TASK GOAL:
Transcribe every record verbatim; no pictures.
─── DATA EXTRACT ───
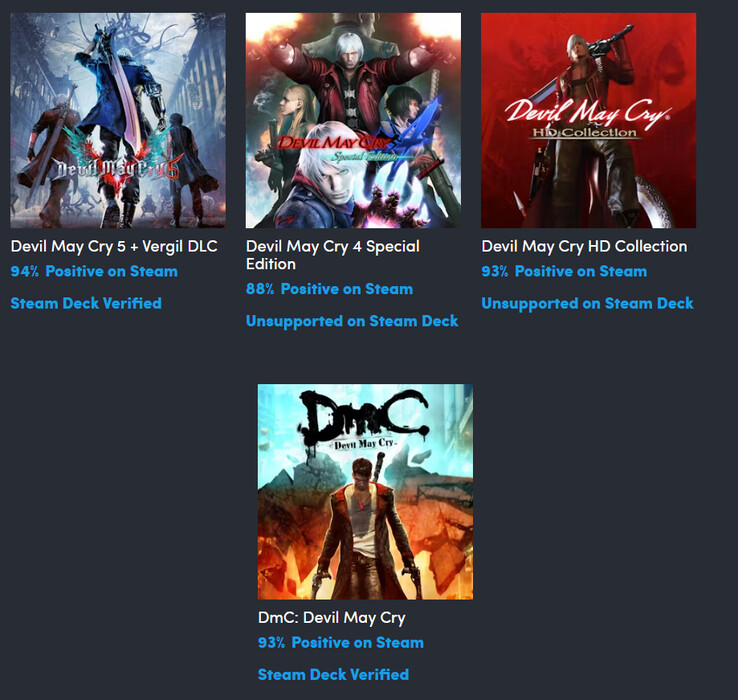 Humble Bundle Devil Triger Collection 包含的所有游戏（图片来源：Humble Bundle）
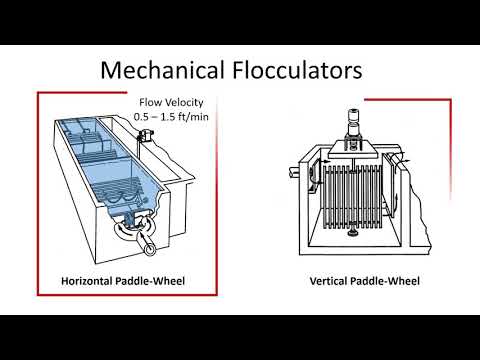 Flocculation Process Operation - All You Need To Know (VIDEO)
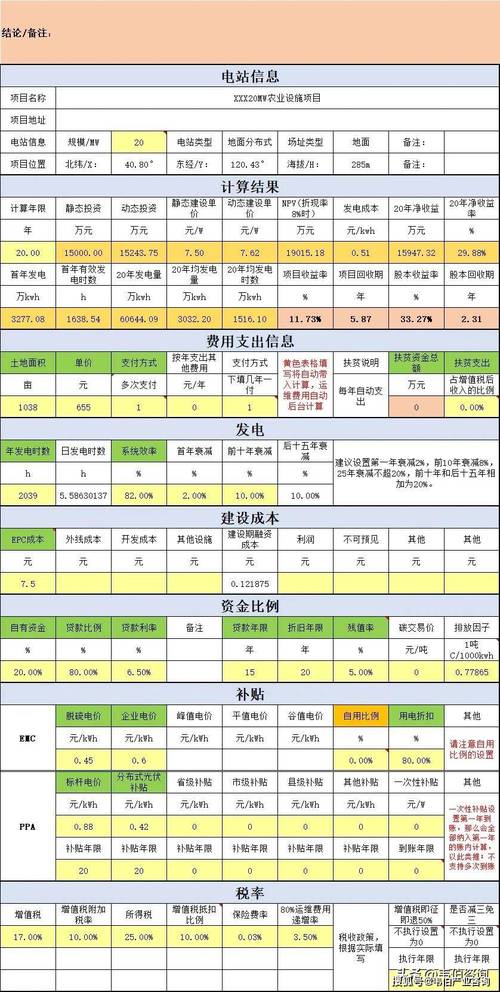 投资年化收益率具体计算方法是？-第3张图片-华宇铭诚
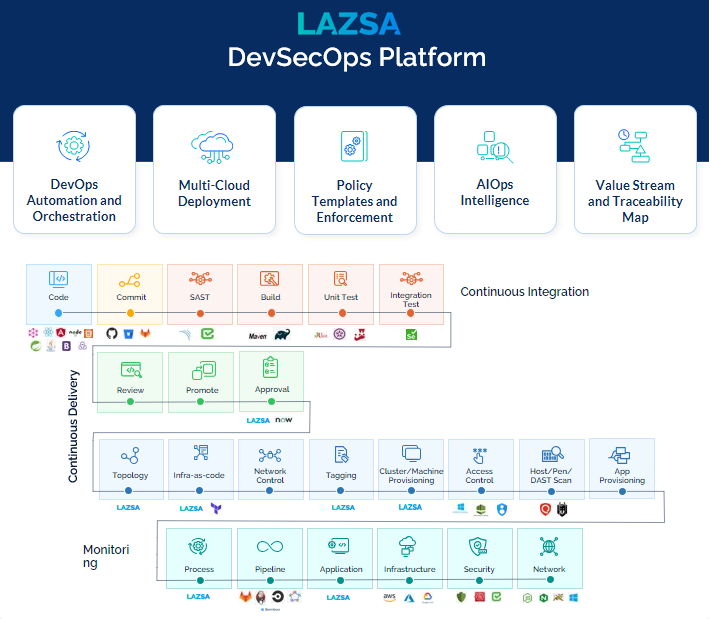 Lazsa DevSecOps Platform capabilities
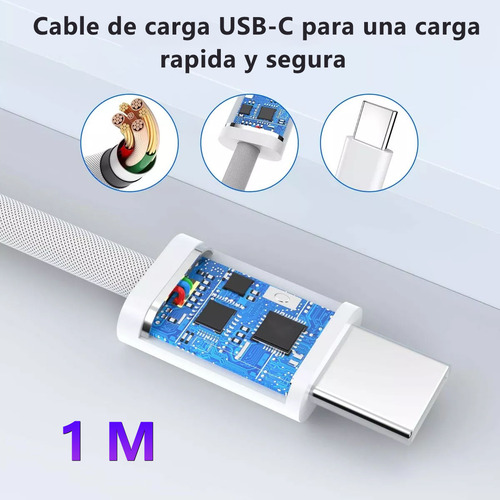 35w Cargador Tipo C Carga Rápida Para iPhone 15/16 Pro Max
───
TASK RESULT:
 Humble Bundle Devil Triger Collection 包含的所有游戏（图片来源：Humble Bundle）
 Flocculation Process Operation - All You Need To Know (VIDEO)
 投资年化收益率具体计算方法是？-第3张图片-华宇铭诚
 Lazsa DevSecOps Platform capabilities
 35w Cargador Tipo C Carga Rápida Para iPhone 15/16 Pro Max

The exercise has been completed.